A região formada por Acre e Rondônia registrou 13 processos relacionados a denúncias de assédio eleitoral no ambiente de trabalho entre maio de 2023 e dezembro de 2025. O dado consta de levantamento do Conselho Superior da Justiça do Trabalho (CSJT), que analisou 694 ações distribuídas pelos 24 Tribunais Regionais do Trabalho (TRTs) do país.

Os processos dos dois estados são contabilizados pelo Tribunal Regional do Trabalho da 14ª Região (TRT-14), responsável pela jurisdição de Acre e Rondônia. Com 13 ações, o tribunal aparece na 16ª posição no ranking nacional.

O número corresponde a cerca de 1,9% dos 694 processos analisados em todo o país. Como o levantamento apresenta o resultado por Tribunal Regional do Trabalho, não é possível afirmar quantos dos 13 processos ocorreram especificamente no Acre e quantos em Rondônia.

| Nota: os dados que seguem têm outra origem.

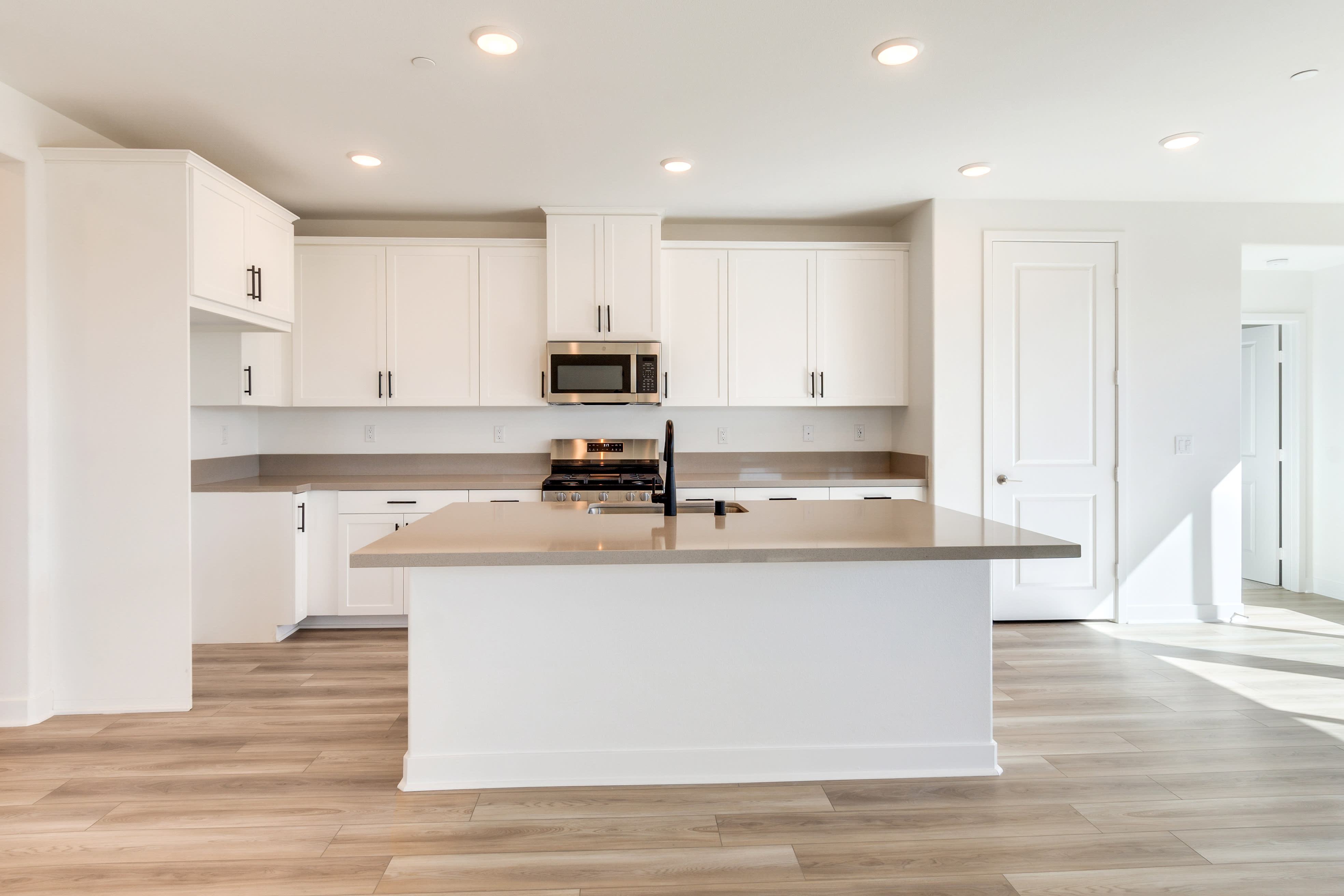 1568 Townswood Court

Os casos analisados envolvem diferentes formas de pressão sobre trabalhadores para influenciar voto, apoio político ou participação em atividades eleitorais. O terror psicológico foi identificado em 81,9% dos processos, sendo a prática mais frequente no levantamento.

O assédio virtual aparece em 67,4% das ações, com uso de redes sociais, mensagens e grupos de aplicativos para pressionar ou monitorar trabalhadores. O WhatsApp é apontado como um dos principais meios utilizados.

Também há registros de intimidação econômica. Em 61,7% dos processos, foram identificadas ameaças ou promessas relacionadas a salário, perda de função, demissão, prêmios ou outras vantagens condicionadas ao posicionamento político do trabalhador.

O levantamento considera como assédio eleitoral situações em que trabalhadores são pressionados, ameaçados, constrangidos ou intimidados, ou recebem promessas de benefícios para influenciar sua escolha política. As práticas podem ocorrer presencialmente ou por meio de mensagens, reuniões, redes sociais e outros canais.

Os dados integram a campanha “No meu voto mando eu”, promovida pela Justiça do Trabalho em conjunto com o Ministério Público do Trabalho (MPT) e o Tribunal Superior Eleitoral (TSE), com orientações para combater o assédio eleitoral durante as eleições de 2026.